My personal spiritual journey had more hiccups than a newborn. While my family, with traditional ties to Catholicism, was influential in planting a Christian seed, growing up in the crazy ’60s, ’70s, ’80s made anything traditional not my bag. By the third grade, my dad bought me a little turntable that resembled a red suitcase and several Beatles albums (along with Alvin and the Chipmunks) – my first intro to rock and roll – and then as I got older, cough … all the rest…
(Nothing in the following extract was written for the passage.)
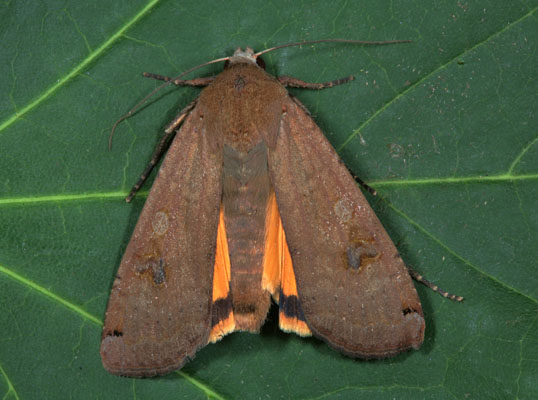 Noctua pronuba - The Large Yellow Underwing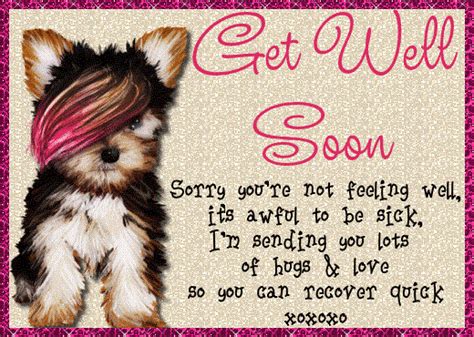 puppy get well card free get well soon ecards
I considered myself a “modern” Christian, i.e., more spiritual than religious, and fell down every spiritual rabbit hole there was. I read about Eastern religions, New Age, visited multiple denominational churches, but was never that committed. As I grew older, I realized I didn’t really have a spiritual foundation. In my case, it took a health crisis to realize I had nothing. The “Universe” wasn’t going to save me, nor the Buddha, or any other spiritual “wisdom” I gleaned from all those cool New Age bookstores, with the ear candles, patchouli and rose incense, and sections on whatever spiritual flavor of the day caught your attention.
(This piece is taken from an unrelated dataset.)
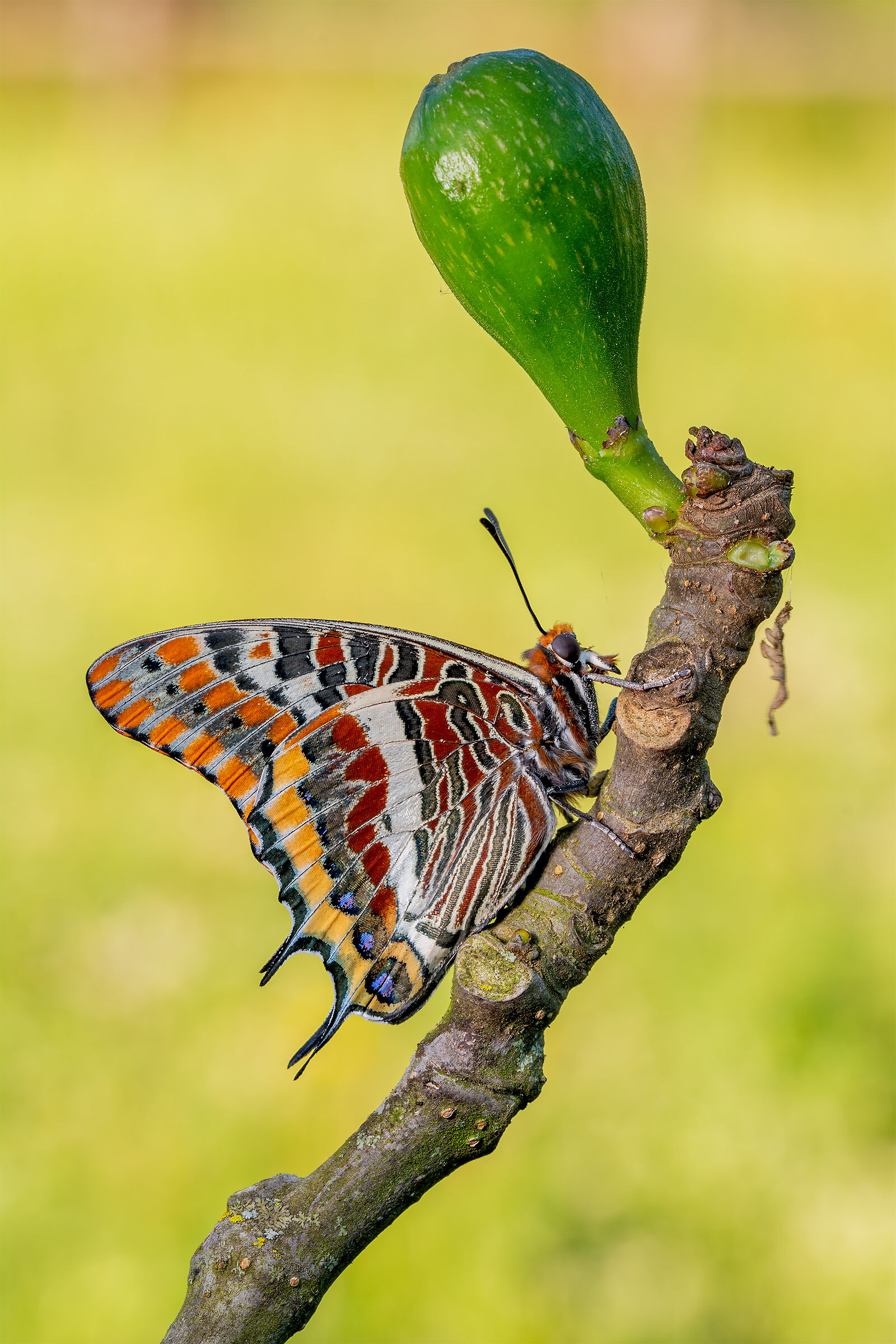 Jasus Charaxes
I found myself in the hospital very sick, without a diagnosis. While I was hurling into a pan and they were wheeling me off for more x-rays, I started bargaining with Jesus, God, and Holy Mother Mary to get me out of there alive and I would change my ways. A priest came through during my 16+ day hospital stay and asked if I was Catholic. I lied and said yes. He prayed with me for my wellness several times and left me tracts that I clung onto for hope. That became the turning point.